The “smart” business uses the dopamine approach

A powerful and complex neurotransmitter, a real energy booster and kickstarter, dopamine is a simple molecule that enables remarkable achievements. Too much or too little creates addiction or impatience, but in balance, it can make success happen.

Elite sportspeople understand this and use it to their advantage. Time and results are pressures they overcome by reinventing themselves constantly. This requires access to analytical, intuitive, creative, adaptive and positive energy resources created by the production of dopamine and connected molecules. Simply put, these naturally-present molecules ease the shift between the default mental mode  – the comfort zone – and the adaptive mental mode – the growth and change zone. In an increasingly competitive, faster and more demanding  environment, this shift allows sportspeople to condition themselves for success, each in their own way, before they even start to compete.

Currently “slow thinking” is paradoxically highly regarded in this context. The sportsperson takes a calm moment to stop the clock and breathe consciously. This breathing creates the space to shape a “master project” for success, face up to fears and transform them into tools, visualise new solutions, develop a “small steps” strategy and infuse the body with dopamine from the projected success.

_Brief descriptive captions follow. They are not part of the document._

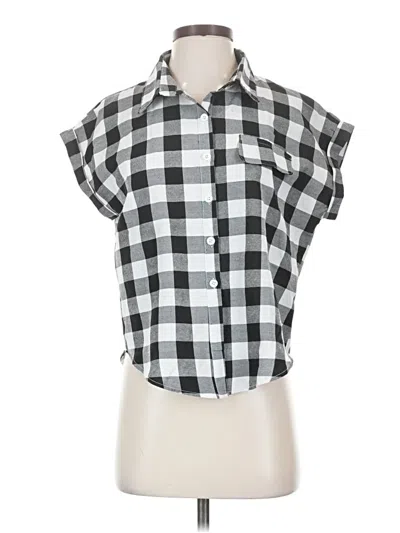 Pre-owned Emery Rose Short Sleeve Blouse In Black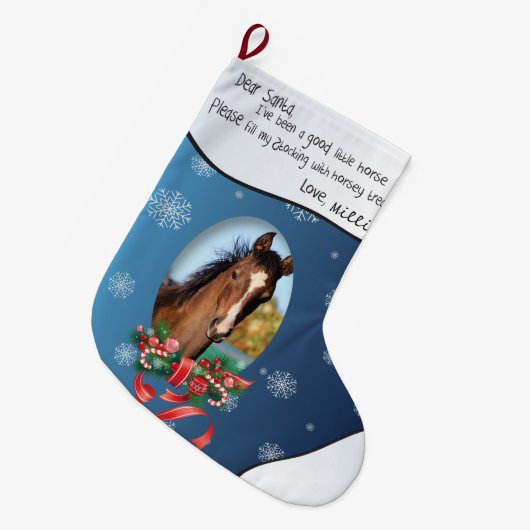 Blue HINZUFÜGEN SIE IHR Foto und Name Sehr geehrte Großer Weihnachtsstrumpf (Vorderansicht (hängend))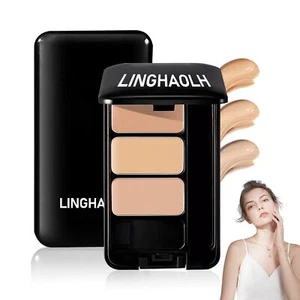 3 Colors Corrector PaletteFull Coverage Cream Concealer Liquid Foundation wit... - Picture 1 of 7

At that point, they’re ready.

Industry 4.0 demands speed and agility from businesses. It requires each business, each team and each person to be ready to reinvent business processes while maintaining everyday production. It might be a long-term process with sprints, aiming to create tomorrow’s business model, be it integrated, connected, smart, de-siloed or interfaced. In the context of this wide-reaching revolution, neuroscience and cognitive sciences can play a role, making their own smaller revolution happen by showing that reducing the pace can increase speed, and that fears can be transformed into tools.

Whether SME or multinational, local or global, all companies face the challenge of reinvention, with the associated risks and fears. In “Even Eagles Need a Push”, David McNally sums up this complexity in the insightful question “why does the pleasure of flying have to start with the fear of falling?”. New advances in neuroscience, learning from professional sport and the experiences of pioneering companies, have built a kit of dopamine-boosting tools that lay the foundations for individual and collective success. The challenge is to democratise them, allowing each business to make the necessary shift, the smart change that takes the time needed to prepare and condition itself to succeed.